No foreign delegation had been allowed inside the Beijing Aerospace Control Center previously. A small group of reporters accompanied Myers but were not allowed to take photographs.

The center is located in the Space City complex in a northwestern suburb of Beijing. Its command room resembles in many ways the mission control room at Johnson Space Center in Houston.

At the Beijing center, rows of workstations, each with a Dell computer monitor, sit before three massive screens on one wall.

When the center is running — it appeared almost deserted Wednesday — an operator at each station monitors one of the subsystems of the Chinese spacecraft. The central main screen had a world map with an overlay of the spacecraft's orbit.
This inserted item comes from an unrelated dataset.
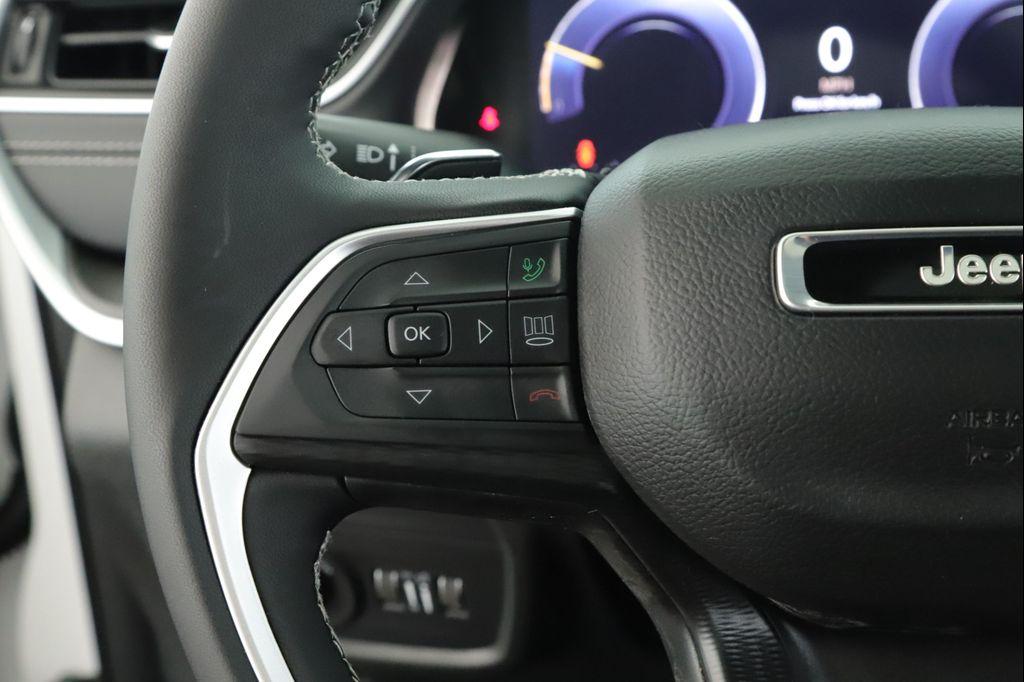 new 2025 Jeep Grand Cherokee car, priced at $44,982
On either side of the main screens are banners bearing Chinese characters and encouraging messages. On the left: "Achieve the Chinese people's dream of flying in the sky." On the right: "Realize the complete success of the first manned space mission."

On Oct. 15, the mission control center did precisely that. After blasting off from the Gobi Desert, Taikonaut Col. Yang Liwei orbited Earth several times in a modified Russian Soyuz capsule before landing safely inside China's borders.

With the mission, called Shenzhou 5, China joined Russia and the United States as the only nations with manned spaceflight programs.

Even as President Bush is expected to press for a base on the Moon and a Mars mission on Wednesday, Beijing too has suggested grander plans for a space station and a lunar base. It has also announced a second manned mission to take place by 2005.

China regards its space program as a matter of international prestige. Aspects of its space program, particularly intelligence-gathering satellites, also have military purposes.

The Bush administration has been congratulatory toward China's successful space flight, and Myers was no exception.

"Congratulations. You've had a great success," Myers told Chinese space program officials during the tour.